» Required action:
Give back exactly the lines of the data below, starting with the line that has "Photograph of a" and going on through the line that has "Rose Gul Chanderi Set".
==== Record set ====
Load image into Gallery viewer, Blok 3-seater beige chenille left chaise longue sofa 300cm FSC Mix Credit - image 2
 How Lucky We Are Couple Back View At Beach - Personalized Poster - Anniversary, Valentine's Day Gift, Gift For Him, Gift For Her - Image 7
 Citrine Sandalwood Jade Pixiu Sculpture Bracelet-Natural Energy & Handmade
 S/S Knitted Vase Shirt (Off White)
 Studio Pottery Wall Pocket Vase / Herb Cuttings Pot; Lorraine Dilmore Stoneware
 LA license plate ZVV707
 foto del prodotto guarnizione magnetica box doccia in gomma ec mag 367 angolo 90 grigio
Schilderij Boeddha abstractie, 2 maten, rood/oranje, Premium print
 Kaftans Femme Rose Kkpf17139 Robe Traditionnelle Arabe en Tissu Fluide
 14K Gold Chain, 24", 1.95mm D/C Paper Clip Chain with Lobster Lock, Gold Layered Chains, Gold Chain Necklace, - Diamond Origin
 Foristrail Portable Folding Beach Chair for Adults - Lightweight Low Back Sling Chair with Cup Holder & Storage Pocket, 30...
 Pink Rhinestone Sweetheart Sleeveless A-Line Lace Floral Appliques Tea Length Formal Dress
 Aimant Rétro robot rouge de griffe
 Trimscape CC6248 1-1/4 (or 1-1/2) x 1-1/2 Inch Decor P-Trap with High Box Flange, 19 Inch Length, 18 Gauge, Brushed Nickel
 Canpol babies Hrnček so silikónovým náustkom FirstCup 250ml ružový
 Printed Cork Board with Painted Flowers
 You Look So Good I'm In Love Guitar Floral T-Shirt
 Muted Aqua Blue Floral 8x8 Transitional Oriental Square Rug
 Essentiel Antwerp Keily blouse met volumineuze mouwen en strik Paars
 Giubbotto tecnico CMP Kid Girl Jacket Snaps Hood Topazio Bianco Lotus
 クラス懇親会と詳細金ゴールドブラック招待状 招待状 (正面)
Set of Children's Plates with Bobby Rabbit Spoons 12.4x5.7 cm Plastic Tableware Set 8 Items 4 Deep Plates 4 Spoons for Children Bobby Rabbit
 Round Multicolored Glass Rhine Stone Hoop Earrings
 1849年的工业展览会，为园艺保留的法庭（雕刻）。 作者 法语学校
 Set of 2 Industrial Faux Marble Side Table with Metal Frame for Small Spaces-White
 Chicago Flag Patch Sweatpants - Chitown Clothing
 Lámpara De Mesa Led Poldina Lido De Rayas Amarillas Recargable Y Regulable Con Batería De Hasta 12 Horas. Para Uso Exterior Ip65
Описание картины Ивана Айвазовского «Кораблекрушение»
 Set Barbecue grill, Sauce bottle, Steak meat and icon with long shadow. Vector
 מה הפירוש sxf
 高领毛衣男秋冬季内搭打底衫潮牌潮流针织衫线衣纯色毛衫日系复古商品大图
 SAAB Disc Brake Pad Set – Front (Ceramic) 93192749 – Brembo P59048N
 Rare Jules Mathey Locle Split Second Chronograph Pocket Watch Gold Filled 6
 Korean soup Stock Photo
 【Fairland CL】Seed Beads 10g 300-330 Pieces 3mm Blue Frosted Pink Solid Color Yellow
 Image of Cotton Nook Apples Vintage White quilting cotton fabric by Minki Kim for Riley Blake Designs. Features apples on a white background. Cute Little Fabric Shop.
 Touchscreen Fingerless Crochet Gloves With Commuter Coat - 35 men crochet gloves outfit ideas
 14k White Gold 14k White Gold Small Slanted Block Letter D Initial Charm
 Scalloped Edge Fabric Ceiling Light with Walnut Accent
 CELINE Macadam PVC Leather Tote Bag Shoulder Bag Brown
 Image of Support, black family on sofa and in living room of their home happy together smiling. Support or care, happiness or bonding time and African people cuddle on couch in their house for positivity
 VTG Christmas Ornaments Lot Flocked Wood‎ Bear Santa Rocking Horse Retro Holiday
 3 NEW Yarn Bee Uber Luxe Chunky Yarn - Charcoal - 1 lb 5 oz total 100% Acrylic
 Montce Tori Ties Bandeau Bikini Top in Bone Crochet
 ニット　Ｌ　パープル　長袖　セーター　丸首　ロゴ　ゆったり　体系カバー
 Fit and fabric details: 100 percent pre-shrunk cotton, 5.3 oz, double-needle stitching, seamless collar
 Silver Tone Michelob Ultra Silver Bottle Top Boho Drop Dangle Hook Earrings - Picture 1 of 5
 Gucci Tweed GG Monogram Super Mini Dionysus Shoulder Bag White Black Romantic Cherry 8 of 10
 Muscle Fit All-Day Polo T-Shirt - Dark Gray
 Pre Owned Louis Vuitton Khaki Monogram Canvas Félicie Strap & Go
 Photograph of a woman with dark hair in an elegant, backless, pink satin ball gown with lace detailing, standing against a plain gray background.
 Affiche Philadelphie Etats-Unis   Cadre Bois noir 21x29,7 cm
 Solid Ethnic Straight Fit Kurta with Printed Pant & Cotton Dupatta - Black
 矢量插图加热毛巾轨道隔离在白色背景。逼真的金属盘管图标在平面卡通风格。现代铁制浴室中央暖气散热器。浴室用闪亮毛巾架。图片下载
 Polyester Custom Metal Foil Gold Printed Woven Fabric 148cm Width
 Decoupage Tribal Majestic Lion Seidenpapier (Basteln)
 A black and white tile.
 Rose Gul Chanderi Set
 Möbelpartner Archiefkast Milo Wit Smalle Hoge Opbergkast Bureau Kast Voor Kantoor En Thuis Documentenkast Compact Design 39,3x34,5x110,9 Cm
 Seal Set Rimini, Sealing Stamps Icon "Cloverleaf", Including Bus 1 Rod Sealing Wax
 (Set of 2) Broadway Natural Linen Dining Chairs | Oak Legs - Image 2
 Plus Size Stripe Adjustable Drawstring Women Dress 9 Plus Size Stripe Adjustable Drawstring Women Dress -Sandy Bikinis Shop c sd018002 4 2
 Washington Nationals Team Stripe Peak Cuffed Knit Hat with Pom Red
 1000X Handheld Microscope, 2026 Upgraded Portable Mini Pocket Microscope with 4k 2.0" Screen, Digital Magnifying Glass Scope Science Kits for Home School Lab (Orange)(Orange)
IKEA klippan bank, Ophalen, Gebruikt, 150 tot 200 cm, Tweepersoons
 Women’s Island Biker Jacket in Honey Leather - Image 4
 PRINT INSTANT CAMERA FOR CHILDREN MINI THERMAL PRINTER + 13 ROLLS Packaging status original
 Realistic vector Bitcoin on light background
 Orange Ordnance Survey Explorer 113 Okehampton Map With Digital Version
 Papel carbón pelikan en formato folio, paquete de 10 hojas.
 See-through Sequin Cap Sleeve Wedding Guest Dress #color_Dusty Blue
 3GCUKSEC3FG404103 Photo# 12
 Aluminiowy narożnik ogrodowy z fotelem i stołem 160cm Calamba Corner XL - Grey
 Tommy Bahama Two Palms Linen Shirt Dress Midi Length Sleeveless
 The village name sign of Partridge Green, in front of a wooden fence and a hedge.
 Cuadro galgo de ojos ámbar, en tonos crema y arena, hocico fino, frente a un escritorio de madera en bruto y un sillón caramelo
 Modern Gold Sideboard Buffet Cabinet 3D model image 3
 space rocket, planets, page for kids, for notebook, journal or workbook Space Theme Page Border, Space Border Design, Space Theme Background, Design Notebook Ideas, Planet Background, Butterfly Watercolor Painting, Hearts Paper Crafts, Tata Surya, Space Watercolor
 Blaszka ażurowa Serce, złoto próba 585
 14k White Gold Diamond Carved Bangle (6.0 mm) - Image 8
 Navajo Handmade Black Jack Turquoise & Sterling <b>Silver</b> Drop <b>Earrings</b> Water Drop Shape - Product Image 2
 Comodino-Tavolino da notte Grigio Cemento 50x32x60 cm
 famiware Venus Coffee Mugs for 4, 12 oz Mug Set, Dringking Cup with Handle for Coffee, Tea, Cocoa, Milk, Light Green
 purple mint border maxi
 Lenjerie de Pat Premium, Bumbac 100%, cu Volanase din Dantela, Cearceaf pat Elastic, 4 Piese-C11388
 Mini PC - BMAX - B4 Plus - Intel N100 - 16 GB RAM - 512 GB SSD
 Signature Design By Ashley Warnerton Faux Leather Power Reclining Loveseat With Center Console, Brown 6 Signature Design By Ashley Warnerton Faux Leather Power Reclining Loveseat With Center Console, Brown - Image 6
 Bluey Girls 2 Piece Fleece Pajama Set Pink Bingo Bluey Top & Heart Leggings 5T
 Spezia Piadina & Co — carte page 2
====
» Written solution:
 Photograph of a woman with dark hair in an elegant, backless, pink satin ball gown with lace detailing, standing against a plain gray background.
 Affiche Philadelphie Etats-Unis   Cadre Bois noir 21x29,7 cm
 Solid Ethnic Straight Fit Kurta with Printed Pant & Cotton Dupatta - Black
 矢量插图加热毛巾轨道隔离在白色背景。逼真的金属盘管图标在平面卡通风格。现代铁制浴室中央暖气散热器。浴室用闪亮毛巾架。图片下载
 Polyester Custom Metal Foil Gold Printed Woven Fabric 148cm Width
 Decoupage Tribal Majestic Lion Seidenpapier (Basteln)
 A black and white tile.
 Rose Gul Chanderi Set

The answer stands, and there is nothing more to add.